Title: Memories and Dust (4/?)
Fandom: Heroes (Future, AU-ish)
Characters: Molly, Micah, Matt, Mohinder, Jacob (OC)
Rating: PG-13 for language
Disclaimer: If I owned Matt and Mohinder, Matt would be cleaning my room while Mohinder cooked me dinner. Unfortunately, I don't. Looks like ramen for dinner and a dirty bedroom for a little while longer. D:
Summary: What can I say to him that won’t make him hate me? “Welcome to the Evolved Orphans’ Club, here’s your membership card?”
A/N: This chapter definitely got away from me a bit. Molly started talking and just wouldn't. shut. up.
Previous Chapters:
Prologue |
One |
Two |
Three Chapter Four: Orphans
April 21, 2021
Brooklyn, NY
Molly had started to worry the second her dads called her and invited her over for dinner. Not that it was unusual for her to eat over there. She was there most weekends, and occasionally stopped by during the week. It was the tone of voice that Matt had used - the falsely cheery one that meant there was some sort of news that was too big to break over the phone. The last time she’d heard his voice like that, Noah Bennet's body had been found in the Columbia River.
Not again, she thought. Please, God, not again. Who was it this time? Matt and Mohinder had both talked to her, and she’d know if something happened to Micah. She immediately started looking for everyone she knew.
Claire was in Tuscon, eating dinner with her mother and her daughter Grace. Her brother Lyle was camping in Big Sur. Monty and Simon were in Boston and New York, both studying for their midterms. Damon was in Baton Rouge. Hiro, Singapore. Ando and his wife Toshiko, Osaka. Peter, Barcelona. They all seemed fine, going about their daily lives as if nothing was wrong, but she must have forgotten someone. During the subway ride, she kept looking, trying desperately to remember who she might have missed.
She managed to keep herself mostly together until she actually got to the old apartment. Matt was the one to answer the door, and she wasn’t able to stop herself from flinging herself into his embrace like she was ten years old again.

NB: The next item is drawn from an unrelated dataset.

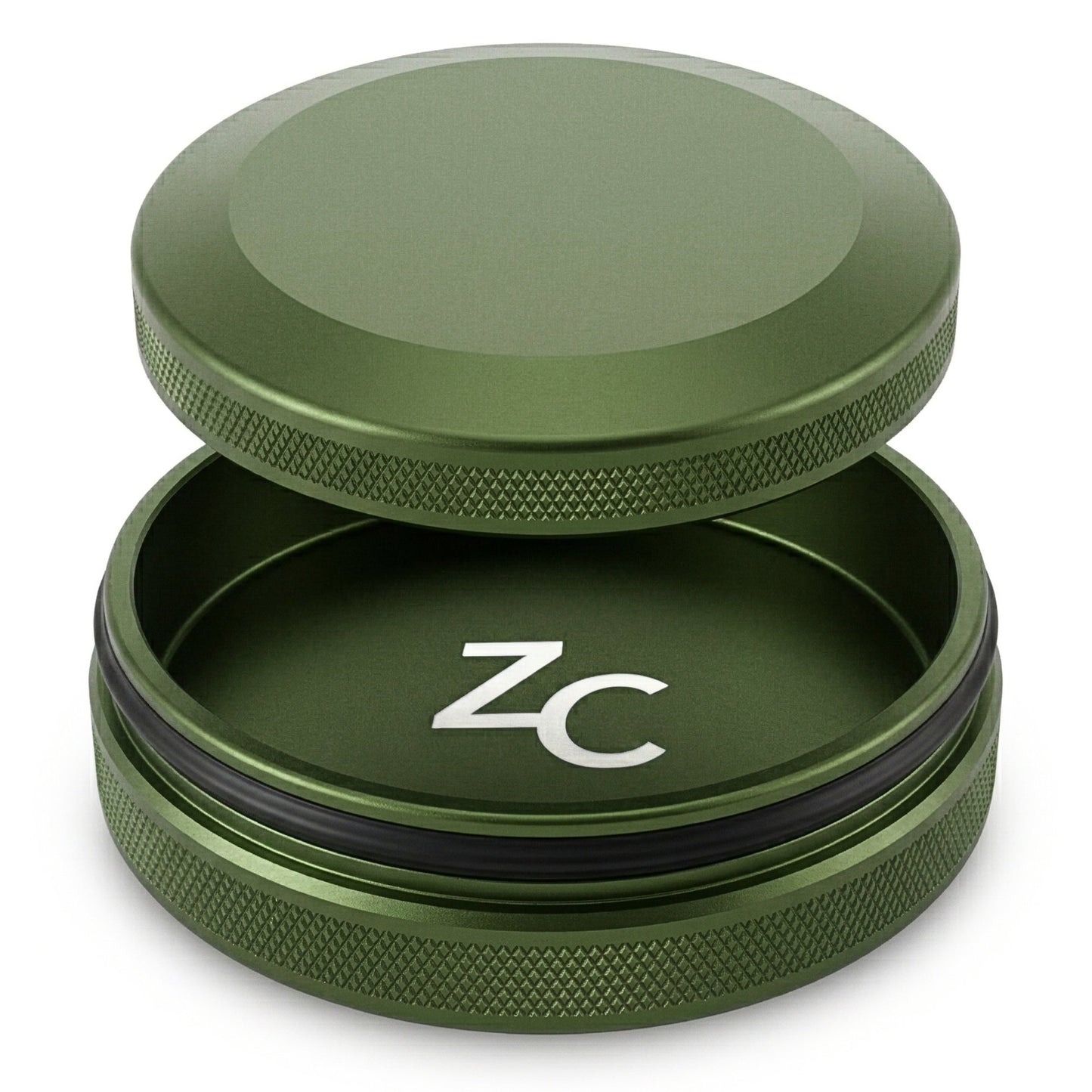 Z Caddy: Chonk Tread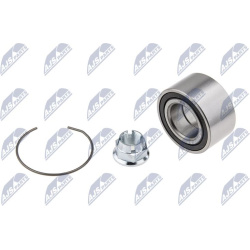 rato guolis
                                NTY-SPEC                                                KLP-RE-006, NTY-SPEC, KLP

“Whoa, honey. I missed you too.” Matt sounded pleasantly surprised, which she wasn’t expecting.
“Who was it? Who died this time?” she asked.
Matt’s arms impulsively tightened around her, but it was Mohinder who answered.
“It was Janice.”
Molly leaned back far enough so she could stare at her other father. “Who?”
Matt sighed, and disentangled himself from Molly’s embrace. “My ex-wife. From L.A.”
Mohinder came forward and gave her a hug. She was so relieved, she hardly noticed.
“I’m sorry we worried you,” he told her.
“No, it’s okay,” she said. She ran a hand through her hair. “It’s just that you guys sounded like-”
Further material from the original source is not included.